> [Assigned task] Transcribe all the entries word for word, but omit the images.

> [Given entries]

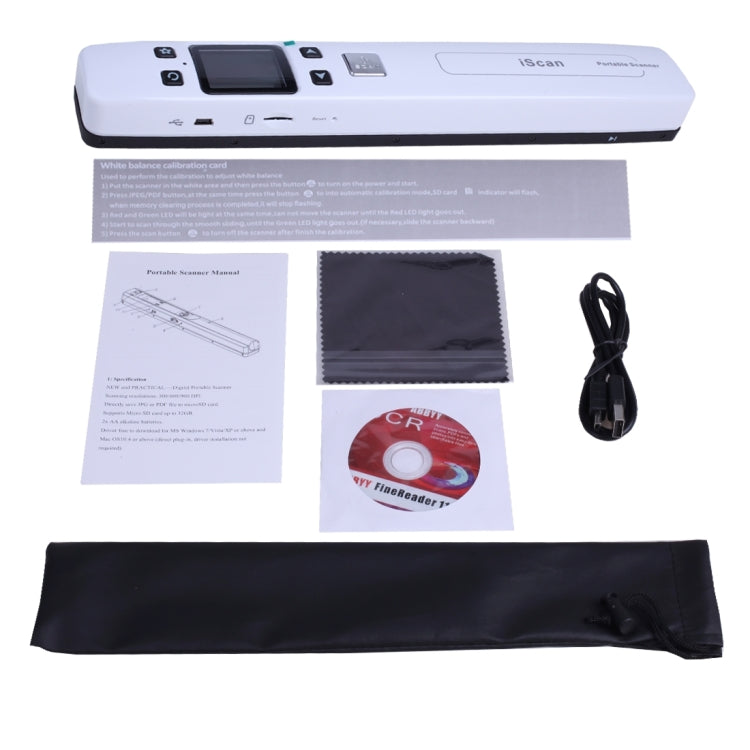 เครื่องสแกนเอกสารมือถือแบบลูกกลิ้งคู่ iScan02 พร้อมจอแสดงผล LED รองรับ 1050DPI / 600DPI / 300DPI / PDF / JPG / TF, iScan02 สีขาว, iScan02 สีดำ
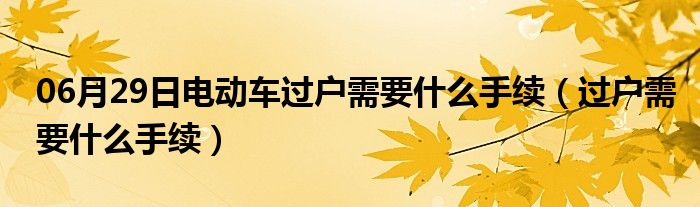 06月29日电动车过户需要什么手续（过户需要什么手续）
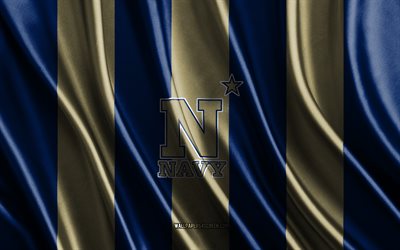 4k, 해군 midshipmen 로고, ncaa, 블루 골드 실크 질감, 해군 미드십맨 깃발, 미식축구 클럽, 실크 깃발, 해군 미드십맨 엠블럼, 미국, 해군 미드십맨 배지, 해군 미드십맨
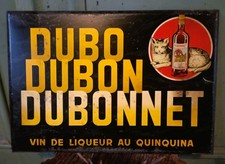 Ancienne publicité en tole DUBONNET vin de liqueur au quinquina 1953 - chat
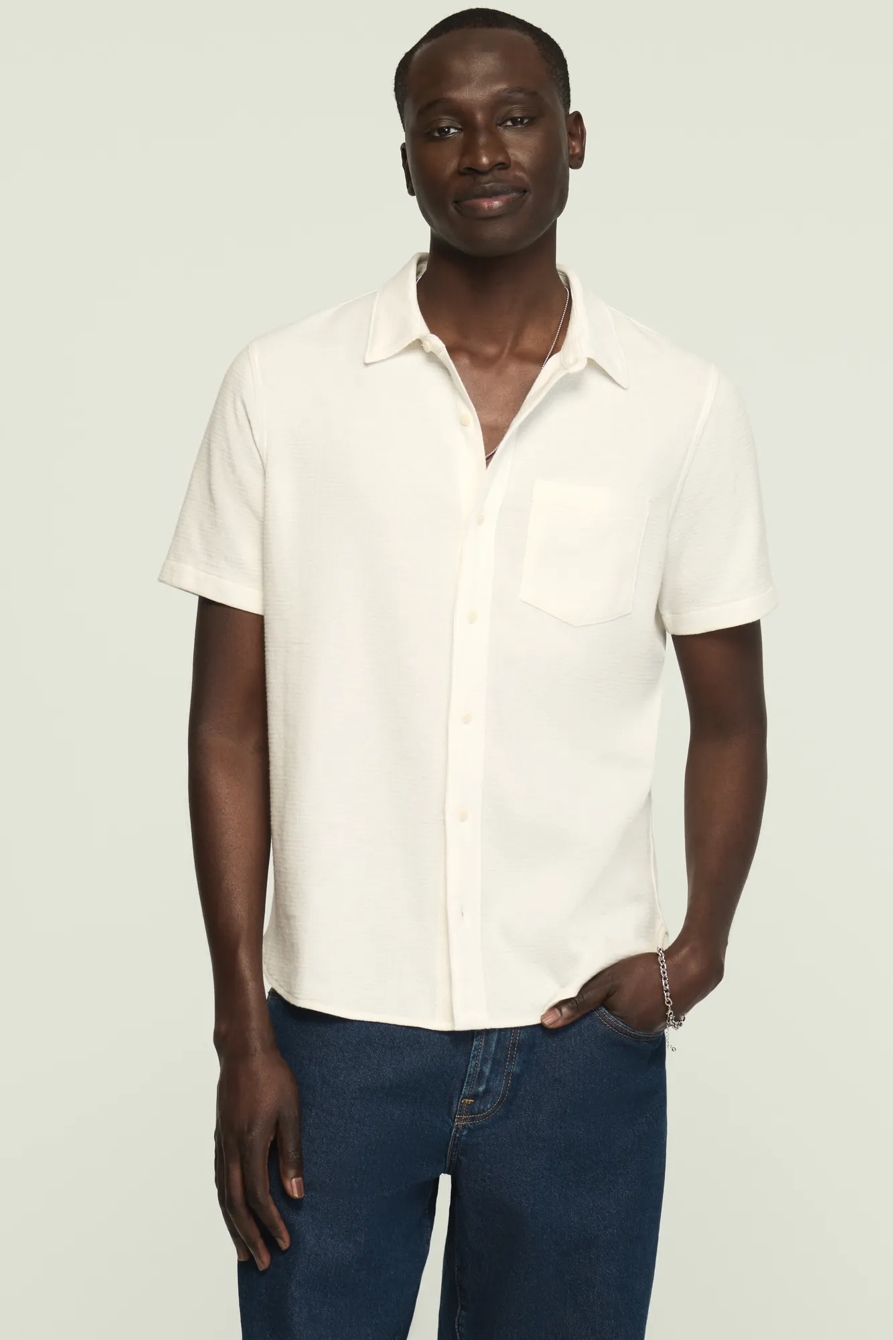 TEXTURED BUTTON THRU KNIT SHIRT, image 2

> [Solution]
 เครื่องสแกนเอกสารมือถือแบบลูกกลิ้งคู่ iScan02 พร้อมจอแสดงผล LED รองรับ 1050DPI / 600DPI / 300DPI / PDF / JPG / TF, iScan02 สีขาว, iScan02 สีดำ
 06月29日电动车过户需要什么手续（过户需要什么手续）
 4k, 해군 midshipmen 로고, ncaa, 블루 골드 실크 질감, 해군 미드십맨 깃발, 미식축구 클럽, 실크 깃발, 해군 미드십맨 엠블럼, 미국, 해군 미드십맨 배지, 해군 미드십맨
 Ancienne publicité en tole DUBONNET vin de liqueur au quinquina 1953 - chat
 TEXTURED BUTTON THRU KNIT SHIRT, image 2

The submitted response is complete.